Now, 15 years later, I believe the industry may have reached a turning point, where there is a clear acceptance that digital financial planning technology has a fundamental role to play in extending access to advice.

This has been signalled by economic secretary to the Treasury Harriet Baldwin, who announced the Financial Advice Market Review last month with an ambition to examine access to advice.

Time will tell whether this government actually grasps the nettle that is access to financial advice.

If they do, the landscape will be transformed, quickly. If they don’t, another 15 years will pass and many more millions of people will not receive the help they need with inevitable consequences for long term savings rates and retirement income choices.

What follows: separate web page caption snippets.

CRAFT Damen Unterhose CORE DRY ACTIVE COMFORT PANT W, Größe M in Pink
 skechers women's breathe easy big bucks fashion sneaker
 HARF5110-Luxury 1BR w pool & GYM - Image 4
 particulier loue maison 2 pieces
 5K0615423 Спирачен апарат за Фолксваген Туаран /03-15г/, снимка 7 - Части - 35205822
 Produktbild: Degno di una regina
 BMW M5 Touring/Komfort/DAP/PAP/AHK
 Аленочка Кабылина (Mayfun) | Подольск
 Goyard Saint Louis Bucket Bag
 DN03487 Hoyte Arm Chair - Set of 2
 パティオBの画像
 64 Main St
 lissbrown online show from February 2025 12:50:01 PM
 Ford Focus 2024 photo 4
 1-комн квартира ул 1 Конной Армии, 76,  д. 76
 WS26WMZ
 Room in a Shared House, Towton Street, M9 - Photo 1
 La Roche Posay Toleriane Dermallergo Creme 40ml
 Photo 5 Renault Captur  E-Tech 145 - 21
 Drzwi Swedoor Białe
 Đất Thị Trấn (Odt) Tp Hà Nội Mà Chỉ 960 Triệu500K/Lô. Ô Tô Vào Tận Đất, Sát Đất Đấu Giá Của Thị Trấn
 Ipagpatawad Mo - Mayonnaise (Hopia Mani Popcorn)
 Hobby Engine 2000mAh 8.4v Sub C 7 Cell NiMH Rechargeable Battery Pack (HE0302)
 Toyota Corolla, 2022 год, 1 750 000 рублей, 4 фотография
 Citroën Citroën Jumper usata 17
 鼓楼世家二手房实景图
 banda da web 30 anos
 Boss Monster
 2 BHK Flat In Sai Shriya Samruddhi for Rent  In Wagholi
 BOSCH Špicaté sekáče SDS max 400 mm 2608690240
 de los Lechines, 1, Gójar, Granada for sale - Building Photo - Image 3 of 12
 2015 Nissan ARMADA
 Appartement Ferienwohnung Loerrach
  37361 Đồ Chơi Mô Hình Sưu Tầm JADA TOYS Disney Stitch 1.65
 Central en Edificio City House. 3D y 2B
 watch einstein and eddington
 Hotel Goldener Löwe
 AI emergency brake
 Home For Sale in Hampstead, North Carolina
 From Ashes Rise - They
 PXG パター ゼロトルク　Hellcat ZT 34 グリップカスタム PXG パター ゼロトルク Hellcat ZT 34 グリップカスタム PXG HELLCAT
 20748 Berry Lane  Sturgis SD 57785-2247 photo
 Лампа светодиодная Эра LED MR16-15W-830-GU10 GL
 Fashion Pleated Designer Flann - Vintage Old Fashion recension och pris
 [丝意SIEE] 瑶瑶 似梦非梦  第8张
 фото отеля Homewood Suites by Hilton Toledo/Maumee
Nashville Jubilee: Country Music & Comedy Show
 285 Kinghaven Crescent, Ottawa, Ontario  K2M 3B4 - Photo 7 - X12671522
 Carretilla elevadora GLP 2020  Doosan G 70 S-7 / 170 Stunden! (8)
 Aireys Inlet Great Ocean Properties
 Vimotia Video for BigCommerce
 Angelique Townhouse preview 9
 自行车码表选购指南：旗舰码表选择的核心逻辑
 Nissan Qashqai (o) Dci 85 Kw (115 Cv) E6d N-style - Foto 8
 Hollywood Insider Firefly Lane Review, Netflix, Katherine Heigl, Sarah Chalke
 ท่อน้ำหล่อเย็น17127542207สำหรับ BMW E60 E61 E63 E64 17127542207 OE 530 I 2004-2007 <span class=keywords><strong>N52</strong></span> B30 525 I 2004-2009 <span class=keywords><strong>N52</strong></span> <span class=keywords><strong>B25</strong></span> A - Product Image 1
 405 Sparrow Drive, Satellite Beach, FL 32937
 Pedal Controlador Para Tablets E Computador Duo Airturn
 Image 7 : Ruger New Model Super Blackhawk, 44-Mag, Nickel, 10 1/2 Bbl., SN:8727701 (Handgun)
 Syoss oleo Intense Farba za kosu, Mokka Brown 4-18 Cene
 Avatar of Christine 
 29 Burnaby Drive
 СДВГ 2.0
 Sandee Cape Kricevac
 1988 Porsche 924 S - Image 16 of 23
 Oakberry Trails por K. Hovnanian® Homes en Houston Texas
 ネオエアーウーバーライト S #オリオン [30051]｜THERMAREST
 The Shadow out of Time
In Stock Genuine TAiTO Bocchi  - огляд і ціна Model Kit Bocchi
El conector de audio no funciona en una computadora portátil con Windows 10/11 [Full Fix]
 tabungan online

As Steve Jobs famously said though, ‘technology alone is not enough’, financial planning technology needs to be married with:

1. Quality asset and risk modelling;

2. Best practice financial planning rules (which reflect the science of behavioural finance);

3. Financial planners.

The last decade has proven that risk managed, diversified portfolios are a very good answer for investors who have been suitability risk profiled. Behind every major industry mis-selling episode sits the issue of suitability.

If risk profiling is carried out accurately and there is a robust asset model, consistently aligned to it, portfolios should broadly behave as expected. That is not the same as saying investors won’t lose money, but the range of losses and gains they receive should be in line with their plan, their comfort zone and their capacity.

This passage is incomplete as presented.